This post is also discussed on LessWrong.

For comments on this series, I am thankful to Katya Klinova, Max Ghenis, Avital Balwit, Joel Becker, Anton Korinek, and others. Errors are my own.

If you are an expert in a relevant area and would like to help me further explore this topic, please contact me.

AI Benefits Post 5: Outstanding Questions on Governing Benefits

Ideal Consultation and Delegation

Most AI Benefactors probably lack important expertise in creating and distributing AI Benefits.[1] Thus, to distribute Benefits optimally, they will probably want to enlist the help of or hire external experts to make Benefits decisions.[2] For simplicity, I will call such a body a “Benefits Group.”

A Benefits Group arrangement can vary in many ways. One obvious choice is whether the Group is internal or external to the Benefits-producing firm. In economics, similar decisions are analyzed in the “theory of the firm.” One can think of various considerations for and against internalizing Benefits decisions. An internal Benefits Group probably makes more sense when the Benefactor organization will be engaged in many, prolonged Benefits decisions and wants their Benefits decisionmaking to advance organization-specific goals. External Groups, on the other hand, will make more sense with one-off Benefits decisions or when an organization’s Benefits strategy is sufficiently generic as to be manageable by a Group with multiple Benefactor-clients. External—and therefore more independent—Groups could also be ethically important as a measure to improve Benefits decisions, since they would hopefully be less susceptible to making Benefits decisions in the firm’s best interests (rather than society’s). This, of course, is an example of a principal–agent problem.

A Benefits Group can have varying degrees of bindingness: at one extreme, the Group has complete control over the Benefits process; at the other pole, the Group could merely provide nonbinding advice. Intermediate arrangements could be giving the Group one of many votes on Benefits decisions or making the Group’s recommendations binding unless overridden.

Group composition is also important. An ideal Group will probably contain (or at minimum, have access to) experts in the various areas identified throughout this post. If, as discussed above, some distribution decisions will be made at the national level, national representatives or knowledgeable individuals will also be important.

The Group’s mandate should generally be maximizing benefits as defined above, but work may be needed to specify that goal more precisely than I have done here. Additionally, Group accountability to ensure fidelity to its mandate will be important. Accountability for philanthropic organizations has traditionally been quite weak and dependent on enforcement by state attorneys general. Experimentation with novel philanthropic accountability mechanisms might be appropriate.
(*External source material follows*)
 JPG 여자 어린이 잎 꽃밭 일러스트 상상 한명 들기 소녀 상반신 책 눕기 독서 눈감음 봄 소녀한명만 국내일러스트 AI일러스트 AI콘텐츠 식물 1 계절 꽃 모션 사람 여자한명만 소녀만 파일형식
Many of these parameters could be varied as conditions change. For example, it seems intuitively appropriate that a Benefactor with a larger pool of resources should have stronger external oversight than a small-scale Benefactor. It might also make sense for a Benefactor to devolve increasing amounts of decisionmaking authority to a Group over time to allow for initial unbound experimentation.

I expect that answering this question will require insights from economics, political science, law, and management studies.

Democratic Input

Some Benefits decisions should be subject to explicit democratic input. However, this is a nontrivial task.

First, as with delegation decisions, Benefactors must decide when to democratize Benefits decisions. Similar considerations will be at play here.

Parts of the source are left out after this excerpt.